When programmed, EthoVision XT sends out signals via the USB IO-box that is connected to the device that provides optogenetic stimulation to the animal (e.g. a laser or LED connected to fiber optics). These devices can be connected to, or built-into the PhenoTyper top unit. Examples of devices include those from Prizmatix and Plexon.

Examples of research 

Place preference

The animal is placed in an arena with two distinct sides - one of which is paired with optogenetic stimulation. Depending on whether this stimulation is activating or deactivating, and which neurons are affected, this can be a rewarding or aversive stimulus for the animal. If in further sessions the animal spends more time on the stimulated sides, it is fair to conclude the stimulus had a rewarding effect. If the animal avoids this side, the stimulus could then be considered aversive [1,2,3]. 

Operant conditioning

In operant conditioning tests, the animal learns to press a lever or touch a sensor or perform another action in order to get a reward or prevent an aversive stimulus. This behavior can be recorded with EthoVision XT, either by detecting the animal (or its nose point) in a certain zone, such as the feeder, or by analyzing the external signal initiated by the nose poke or lever press. Following this action, EthoVision XT sends out the command for optogenetic stimulation [2,3]. 
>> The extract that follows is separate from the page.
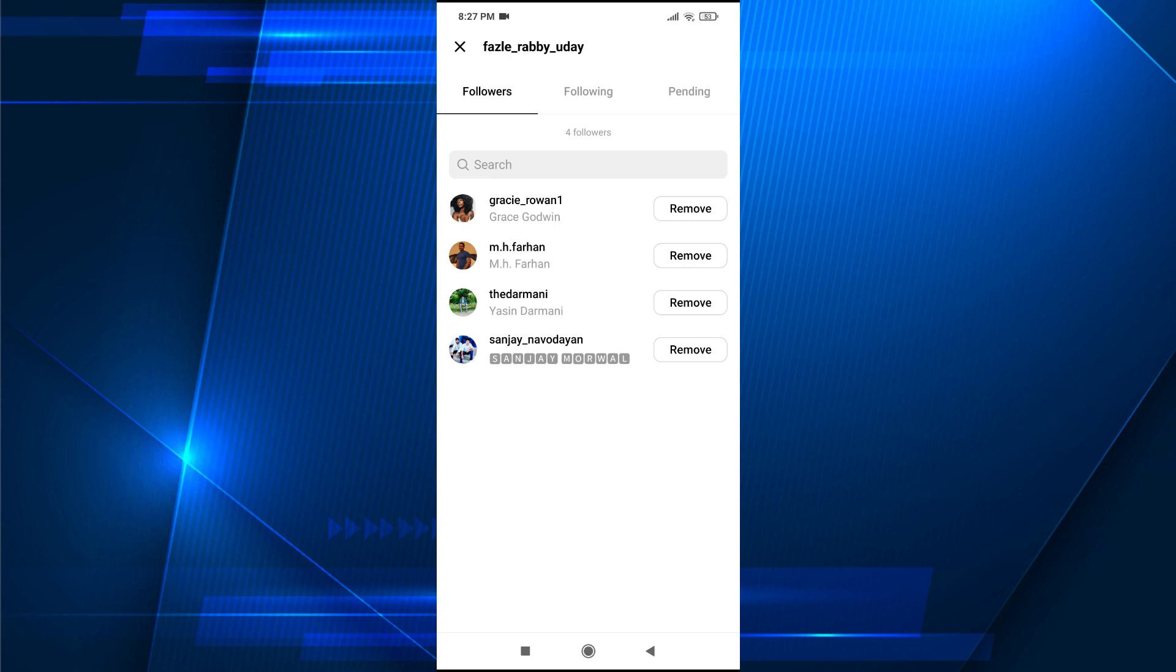So that's it guys, this is how you can find all the followers in your Threads account. If you found this video helpful, please subscribe to this channel. Thank you for watching.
Off-on-off stimulus test in a plus maze

Even in a straight-forward test using optogenetics, EthoVision XT Trial & Hardware Control proves to be valuable. A good example is an off-on-off stimulus test, where you can program EthoVision XT to turn optogenetic stimulation on for a period of time during the test. For example, Dr. Stuber describes a 15 minute test [1] during which continuous optogenetic stimulation took place in the middle 5 minutes. In this case the anxiolytic or anxiogenic functioning of neurons was studied. The test took place in an elevated plus maze.   If the animal spends significantly more time in the open arms of the plus maze (which is automatically assessed with EthoVision XT) during the stimulation phase, stimulation of the neurons are thought to have a anxiolytic effect.  
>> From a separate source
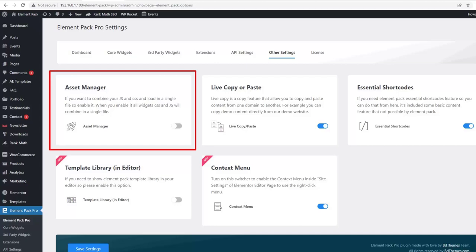Hey guys, welcome to the BDThemes widget tutorial. Today, we are going to talk about one of the amazing features brought to you by ElementPack Pro, the Asset Manager.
Studying general behavioral effects of neuron stimulation

Similar to the test described above, is the more general test of locomotion in response to optogenetic stimulation. Velocity, movement, and even rotational movement are important behaviors and can tell a lot about the role of the neurons that are stimulated optogenetically [1]. 

Read more

References

  1. Communication with Garret Stuber (www.stuberlab.org)
  2. Stamatakis,  A.M.; Stuber, G.D. (2012). Activation of lateral habenula inputs to the ventral midbrain promotes behavioral avoidance. Nature Neuroscience, 15(8), 1105-1107.
  3. Kravitz, A.V.; Tye, L.D.; Kreitzer, A.C. (2012). Distinct roles for direct and indirect pathway striatal neurons in reinforcement. Nature Neuroscience, 15, 816-818.
Recent new pubilication combining live deep brain imaging with optogenetics: Jennings, J.H.; Ung, R.L.; Resendez, S.L.; Stamatakis, A.M.; Taylor, J.G.; Huang, J.; Veleta, K.; Kantak, P.A.; Aita, M.; Shilling-Scrivo, K.; Ramakrishnan, C.; Deisseroth, K.; Otte, S.; Stuber, G.D. (2015). Visualizing hypothalamic network dynamics for appetitive and consummatory behaviors. Cell, 160, 516-527.